Barbie si ritrova vittima dello stereotipo che incarna e si ribella a se stessa passando da un circolo vizioso a un altro. Barbie non sembra avere lo straccio di una virtù e sceglie di scrollarsi di dosso l’involucro di perfezione con un’overdose di violenza cruda ed esasperata. Non sceglie di disintossicarsi dal ruolo di ragazza mielosa, accondiscendente, superficiale e priva di personalità, ma giunge alla deflagrazione delle sue nevrosi.
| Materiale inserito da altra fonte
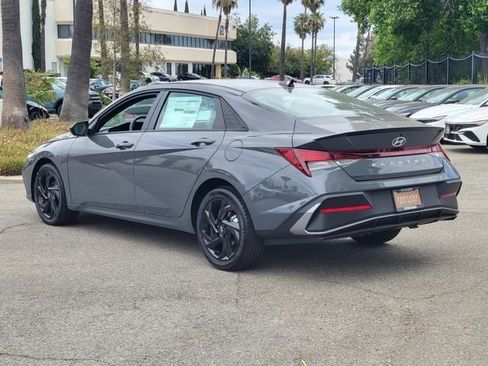 New 2026 Hyundai Elantra Sport FWD image 3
Ricordate il film La donna perfetta? in cui le abitanti di Stapford – remissive donne di casa e amanti sempre pronte all’uso dei propri mariti – sono in realtà dei robot? Riuscite a immaginarle assassine una volta spento il sofisticato chip che le governa? La fantacommedia che critica il conformismo consumista con satira anti-maschilista e cinismo anti-femminista, si trasformerebbe in qualcosa di surreale e inquietante, in una destabilizzante riflessione sulla menzogna.
La Barbie di Clayton è (come) un’anoressica che anziché scegliere di iniziare a mangiare in maniera normale, diventa improvvisamente bulimica. Da impeccabile-perennemente-giovane-fanciulla-massaia si trasforma in spregiudicata-killer-erotomane. L’artista-fotografa ricontestualizza Barbie nella sua stessa realtà e colloca le sue azioni sanguinarie nella dimensione della follia, già insita nel carattere della bambola. Quest’ultima sodomizza, umilia e infine uccide Ken, ma non lo fa sempre con rabbia. La maggior parte delle volte la scena è avvolta da un alone di calma, di normalità, come se tutto fosse avvenuto tra la preparazione di una torta e le pulizie della casa. L’educazione, i modi ridondanti e zuccherosi, lasciano il posto all’ultra-volgarità, all’ultra-violenza, espressa nitidamente, come solo il migliore dei Quentin Tarantino saprebbe fare, con tanto di celebrazione del sangue e ironia beffarda. Ed è proprio l’ironia l’ingrediente fondamentale di Clayton, che ci tiene a sottolineare di fare tutto questo più che altro per divertimento e non per uno slancio femminista o a causa di traumi infantili. In tanti si sono chiesti come mai abbia voluto rappresentare Ken in procinto di essere sodomizzato da Barbie (armata di manette, lubrificante e strap-on). L’artista ha risposto che voleva essere una provocazione nei confronti della Mattel: come mai ha creato un bambolotto senza genitali? O ancora: e se Ken avesse altri gusti sessuali rispetto a quelli che gli sono stati imposti?
La violenza adrenalinica che le opere dell’artista esprimono, pone senza dubbio delle domande sulla mente umana e sui suoi oscuri meandri, mettendo in atto quell’insieme di pruriginose fantasie che ogni bambina prima o poi ha immaginato, forse come gesto di ribellione, oggettivato spesso nella rasatura dei capelli della propria bambola. Barbie come Hannibal Lecter, che con la stessa serafica ritualità fa lo scalpo al fidanzato, senza rinunciare all’abito da cocktail e al filo di perle, ma che a differenza del celebre serial-killer, diviene sgraziata, rozza, con la sigaretta al limite delle labbra o sul wc con gli slip calati alle caviglie. Per anni Barbie non si è mostrata per quella che realmente è. E voi?